Fraenkel et al. [20] performed a case control cross-sectional, retrospective study to determine whether breast cancer was associated with osteoporotic fracture in 17,110 women with a BMD test between 2003 and 2011. Among 1,193 women with osteoporosis, 62 had a previous history of breast cancer while the remaining 131 did not. BMD was similar among women with and without breast cancer who had fractures. Hsieh et al. [21] performed a cross-sectional, retrospective study to compare the prevalence of vertebral fractures in 200 breast cancer women with age- and body mass index-matched women. They showed 22 (11%) vertebral fractures in breast cancer survivors compared to 7 (3.5%) vertebral fractures in the comparison group. The adjusted odds ratio (OR) for vertebral fracture was 4.16 (95% confidence interval [CI], 1.69-10.21; P<0.01). Kanis et al. [22] have performed a retrospective case-control study to compare the risk of vertebral fractures between women with and without breast cancer. They showed that the incidence of vertebral fracture in women with breast cancer was nearly 5 times greater than that in the control group (OR, 4.7, 95% CI, 2.3-9.9) and 20-fold higher in women with soft-tissue metastases without evidence of skeletal metastases (OR, 22.7, 95% CI, 9.1-57.1).
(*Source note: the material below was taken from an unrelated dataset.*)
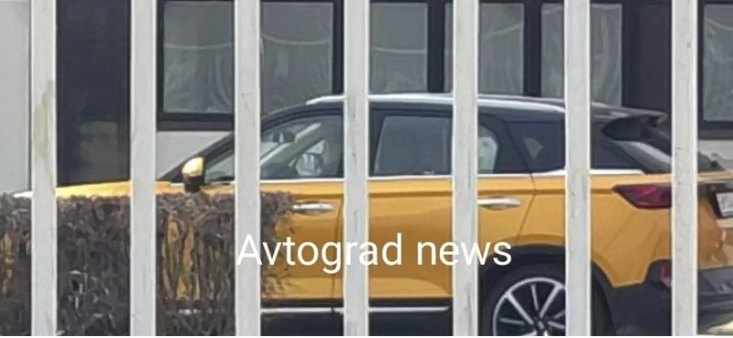 На территории автоконцерна АвтоВАЗ запечатлели кроссовер FAW Bestune T77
Tsai et al. [23] have performed a nationwide retrospective cohort study to compare the risk of osteoporotic fracture between 22,076 breast cancer patients and 88,304 controls between 2000 and 2003. They showed that the incidence of all types of fractures was higher in the breast cancer cohort than in the comparison cohort, with adjusted HRs of 1.18 (95% CI, 1.03-1.35) for hip fractures, 1.12 (95% CI, 0.98-1.28) for forearm fractures, and 1.24 (95% CI, 1.04-1.48) for vertebral fractures (Table 1).
Analysis for 4 studies involving a total of 127,722 (23,821 cases and 103,901 controls) subjects showed that the incidence of fractures was higher in breast cancer patients than in the control group. The pooled estimate of crude OR for osteoporotic fractures was 1.244 (95% CI, 1.091-1.419; P=0.001; Fig. 2).


Clinical implications of menopause in bone metabolism are critical because it results in loss of bone mass.[24] However, the potential adverse effect of breast cancer on bone remains controversial. Our purpose was to review the literature on the fracture risk in breast cancer patients, focusing on the reported occurrence of osteoporotic fracture. After reviewing one population-based cohort study, 1 cross-sectional study, and 2 case-control studies, the fracture risk in breast cancer patients appeared to be higher than that in the general population.
Menopause with estrogen deprivation is the most important cause of osteoporosis in women. Anti-estrogen effects by tamoxifen and aromatase reductase inhibitor (ARI) commonly used to treat breast cancer may lead to menopause even in young women.[25] Although we planned to conduct a structural meta-analysis, the number of included studies was too small. However, we found that breast cancer patients showed a higher risk of osteoporotic fracture through a meta-analysis.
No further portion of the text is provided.